Vietnam's work permit process is more structured than in many TEFL destinations. It's not complicated once you understand the steps, but it involves specific documents, strict formatting requirements, and a sequence that takes time. If you prepare their paperwork at home before flying out, you will likely have a significantly smoother experience than trying to sort it from Vietnam.

This article walks through each stage, including what it costs, what can go wrong, and what has changed under the 2025 regulations.

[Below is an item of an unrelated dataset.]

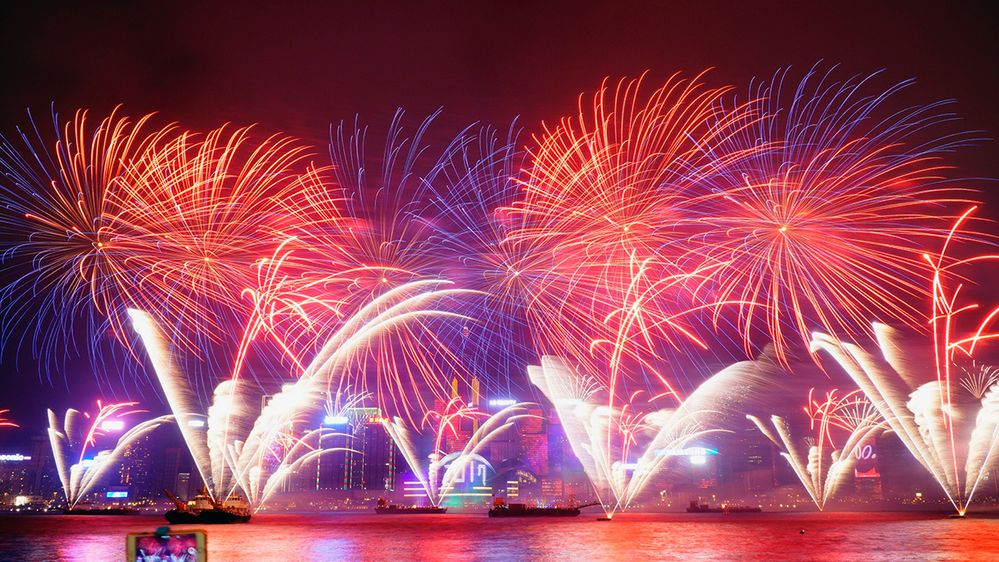 Caption: A photo of fireworks lighting up the sky for Lunar New Year in Victoria Harbour in Hong Kong. (Local Guide 翰騰林)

If you're still deciding whether Vietnam is the right destination, see our overview of teaching English in Vietnam.
  • Key takeaways

    • A bachelor's degree, 120-hour TEFL certificate, criminal background check, and health certificate are the core documents. All need to be legalised.
    • Document legalisation (notarisation, apostille, Vietnamese translation) must be done before you travel. This is the step that causes the most delays.
    • Your employer submits the application. Processing officially takes 10 working days, but the full timeline from job offer to work permit is typically 4–8 weeks.
    • The work permit is valid for up to 2 years and can be renewed once, for up to 4 years total.
    • Budget $300–800 total for government fees, legalisation, health check, and translations.
School of TEFL Ho Chi Minh City
School of TEFL Ho Chi Minh City
Ho Chi Minh City is Vietnam's largest job market for English teachers, and the city where most work permit applications are processed through the local Department of Labour.

The work permit in brief

To work legally as an English teacher in Vietnam, you need a work permit issued by the provincial Department of Labour, Invalids and Social Affairs (DOLISA). Your employer applies on your behalf. Without a valid work permit, you’re working illegally, regardless of what visa stamp is in your passport.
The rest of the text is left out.